### EXTRACTED ENTRIES
════════════════════
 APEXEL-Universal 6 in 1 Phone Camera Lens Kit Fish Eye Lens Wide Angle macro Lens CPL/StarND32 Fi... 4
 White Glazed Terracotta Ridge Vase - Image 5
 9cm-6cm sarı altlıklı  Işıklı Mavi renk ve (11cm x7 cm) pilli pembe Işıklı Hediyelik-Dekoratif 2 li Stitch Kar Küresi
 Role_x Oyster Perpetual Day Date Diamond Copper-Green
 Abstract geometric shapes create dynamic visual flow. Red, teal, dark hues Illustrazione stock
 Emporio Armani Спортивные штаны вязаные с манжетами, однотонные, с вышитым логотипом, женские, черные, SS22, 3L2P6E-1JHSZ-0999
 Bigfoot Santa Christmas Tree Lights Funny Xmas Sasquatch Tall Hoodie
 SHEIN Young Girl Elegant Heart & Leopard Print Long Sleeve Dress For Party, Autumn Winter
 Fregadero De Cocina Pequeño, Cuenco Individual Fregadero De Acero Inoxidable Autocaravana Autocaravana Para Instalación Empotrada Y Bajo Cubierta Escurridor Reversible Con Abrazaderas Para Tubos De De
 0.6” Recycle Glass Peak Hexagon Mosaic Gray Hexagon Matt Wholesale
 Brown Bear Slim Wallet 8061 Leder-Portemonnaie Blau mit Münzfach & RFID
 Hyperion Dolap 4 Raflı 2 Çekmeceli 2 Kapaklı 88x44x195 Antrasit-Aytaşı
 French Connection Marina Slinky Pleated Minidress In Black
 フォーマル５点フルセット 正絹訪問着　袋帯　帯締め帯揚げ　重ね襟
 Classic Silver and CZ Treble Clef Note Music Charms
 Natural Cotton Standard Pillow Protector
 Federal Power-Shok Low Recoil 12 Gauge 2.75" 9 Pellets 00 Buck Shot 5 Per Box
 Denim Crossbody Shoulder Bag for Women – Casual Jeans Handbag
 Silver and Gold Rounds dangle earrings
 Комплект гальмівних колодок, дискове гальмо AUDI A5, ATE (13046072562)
════════════════════
### PROBLEM TO SOLVE
The reply should consist solely of the lines of the data, exact, from the opening line through the line with "フォーマル５点フルセット 正絹訪問着　袋帯　帯締め帯揚げ　重ね襟", inclusive.

### OUTPUT BELOW
 APEXEL-Universal 6 in 1 Phone Camera Lens Kit Fish Eye Lens Wide Angle macro Lens CPL/StarND32 Fi... 4
 White Glazed Terracotta Ridge Vase - Image 5
 9cm-6cm sarı altlıklı  Işıklı Mavi renk ve (11cm x7 cm) pilli pembe Işıklı Hediyelik-Dekoratif 2 li Stitch Kar Küresi
 Role_x Oyster Perpetual Day Date Diamond Copper-Green
 Abstract geometric shapes create dynamic visual flow. Red, teal, dark hues Illustrazione stock
 Emporio Armani Спортивные штаны вязаные с манжетами, однотонные, с вышитым логотипом, женские, черные, SS22, 3L2P6E-1JHSZ-0999
 Bigfoot Santa Christmas Tree Lights Funny Xmas Sasquatch Tall Hoodie
 SHEIN Young Girl Elegant Heart & Leopard Print Long Sleeve Dress For Party, Autumn Winter
 Fregadero De Cocina Pequeño, Cuenco Individual Fregadero De Acero Inoxidable Autocaravana Autocaravana Para Instalación Empotrada Y Bajo Cubierta Escurridor Reversible Con Abrazaderas Para Tubos De De
 0.6” Recycle Glass Peak Hexagon Mosaic Gray Hexagon Matt Wholesale
 Brown Bear Slim Wallet 8061 Leder-Portemonnaie Blau mit Münzfach & RFID
 Hyperion Dolap 4 Raflı 2 Çekmeceli 2 Kapaklı 88x44x195 Antrasit-Aytaşı
 French Connection Marina Slinky Pleated Minidress In Black
 フォーマル５点フルセット 正絹訪問着　袋帯　帯締め帯揚げ　重ね襟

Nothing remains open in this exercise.